Iel s’arrête et se fige. Césure. Temps mort. Ces temps morts sont déterminants. Le vide. Ce vide n’est alors que la contre-forme d’une action effectué précédemment ou prochainement. Les vacillantes ondulations du vent demeurent. À moins que ce ne soit le frottement des plaques tectoniques qui doucement ralentisse, encore brûlante de la séquence précédente.

Un vide n’existe que s’il est juxtaposé à un plein. Deux séquences différentes. Par juxtaposition un tissage se dresse entre les deux éléments. Un ensemble de lignes croisées, un maillage qui s’épaissit. Peu à peu il devient impossible de distinguer chaque ligne du maillage, l’espace vide rectiligne entre les croisements du tissage se réduisent peu à peu. Le maillage devient une zone grise trouée, puis à peu près pleine. Surface pleine. Un dégradé gris s’étend sur toute cette surface. Ces deux séquences en ont créé une troisième, une troisième surface propre à chacun.

Ce vide vient donner de l’impact au mouvement qui suit, les foulées reprennent dans l’architecture modifiée d’une pratique construite. Chaque nouvel élèment de cette pratique fait émerger de nouvel sensation qui enrichisse et dépasse l’objectif déterminé de chaque enjambement. Chaque craquement, frottement, donnent de nouvelle harmonies à l’instrument-lieu. Si la possibilité d’une stabilisation de cette pratique se sentait, un nouveau pas suffirait pour y remédier.

Les expériences sont micro-temporelles, singulières et chaque itération est une différenciation de la précédente. Le corps se prélasse, mût, s’alterne, il est impossible de figer les évènement dans le temps de manière absolu, il est uniquement possible de situer l’entrée et la sortie des flux en les éprouvant. Le morcellement physique du corps multiplie les vitesse différées.
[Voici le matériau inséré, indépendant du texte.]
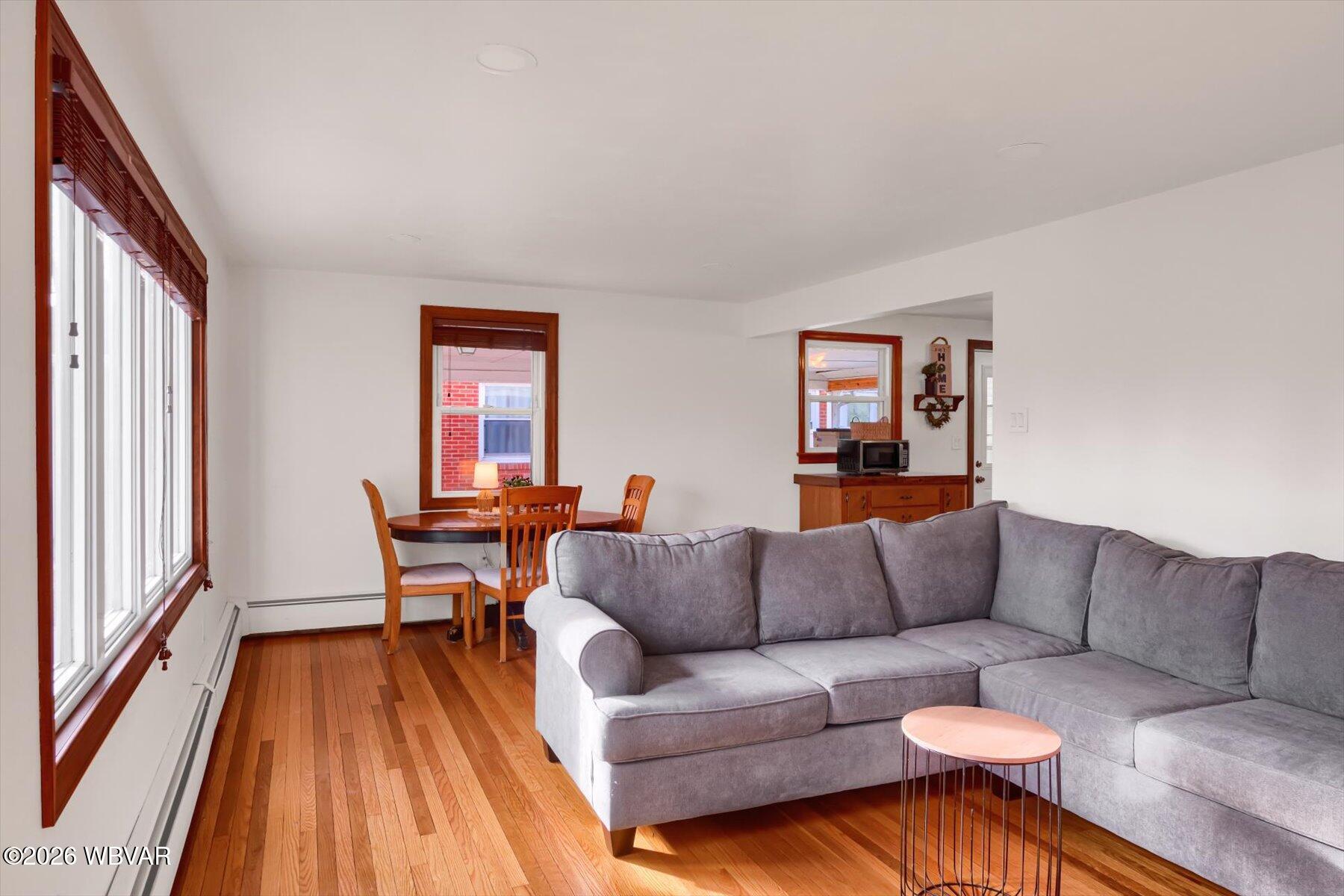 Properties 6 327 CHESTNUT STREET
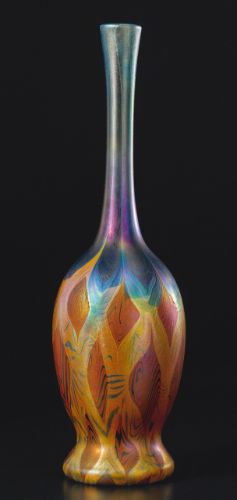 tiffany studios decorated vase ||| object ||| sotheby's n09155lot7ddyden Antique Tiffany, Tiffany Studios, Tiffany Art, Glass Objects, Louis Comfort Tiffany, Tiffany Glass, Unique Vases, Tiffany Lamps, Tiffany And Co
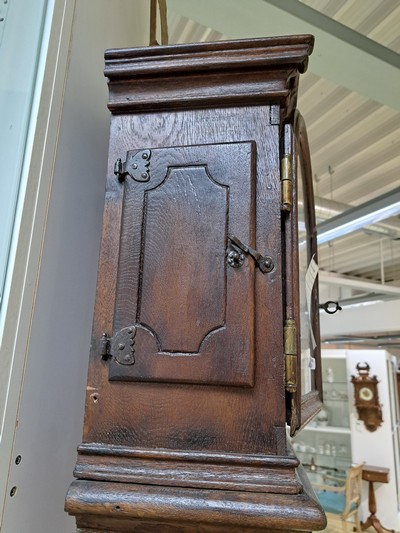 26994905g - Standuhr, deutsch, um 1760/80, Eichengehäuse mit kräftigen Schnitzarbeiten, ...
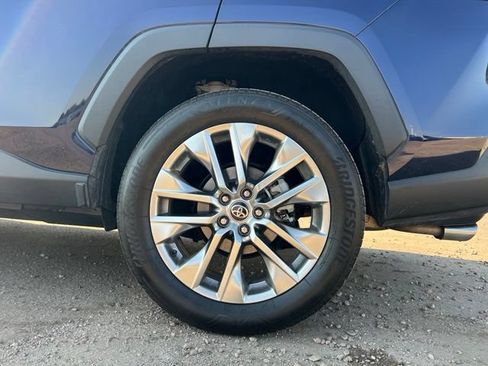 Used 2021 Toyota RAV4 XLE Premium FWD image 14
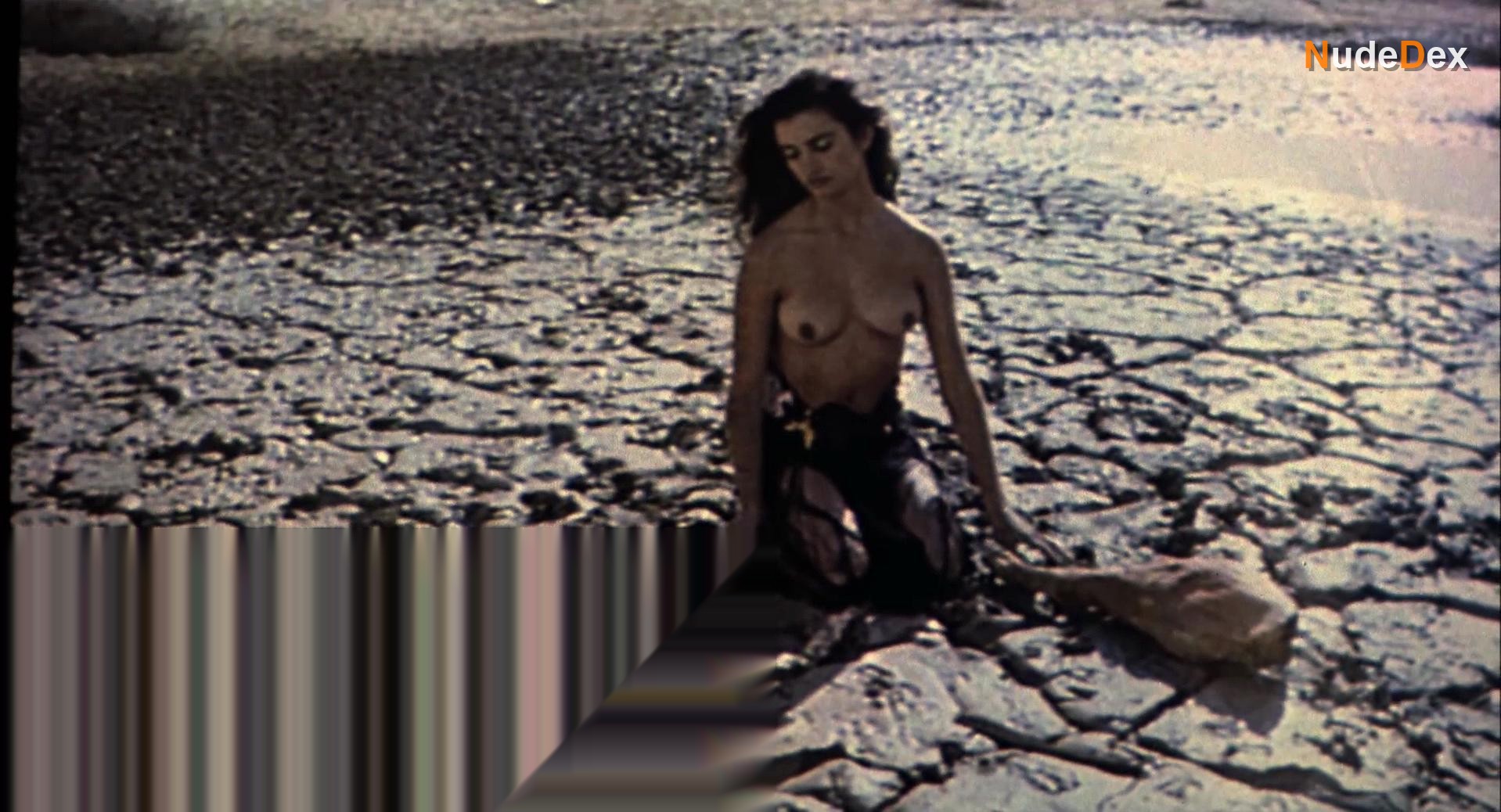 Penelope Cruz in Jamon Jamon, photo 3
Du lieu à l’espace. C’est une de celle-ci. Une troisième voie, un tiers-lieu. Il n’est pas ici question d’un environnement amorphe, mais d’un substrat «ce qui sert de support, ce sans quoi une réalité ne saurait exister», là où les strates d’architectures de l’Humain et de l’habitable s’engouffre dans l’expérience. Masse modulaire prise dans une cartographie mouvante, une multitude empirique qui vient dessiner un entre-deux filaire s’enracinant dans le substrat, qui se répand entre les strates de cette écosystème.

La fumée livide de l’usage se dissipe. L’abstraction le reste-elle lorsqu’elle est habitée ? L’immatérielle le reste-il en présence d’un corps vivant ? L’espace figé le reste-il lorsque secoué par des organes vibrants ?

L’acte d’incarnation rompt et cohabite la neutralité du lieu, cette dichotomie forme ce tiers-lieu, émergeant de l’interdépendance du protagoniste et du lieu, un réseau continuellement régénéré.

Là où l’inconnu est solide, support et réceptacle.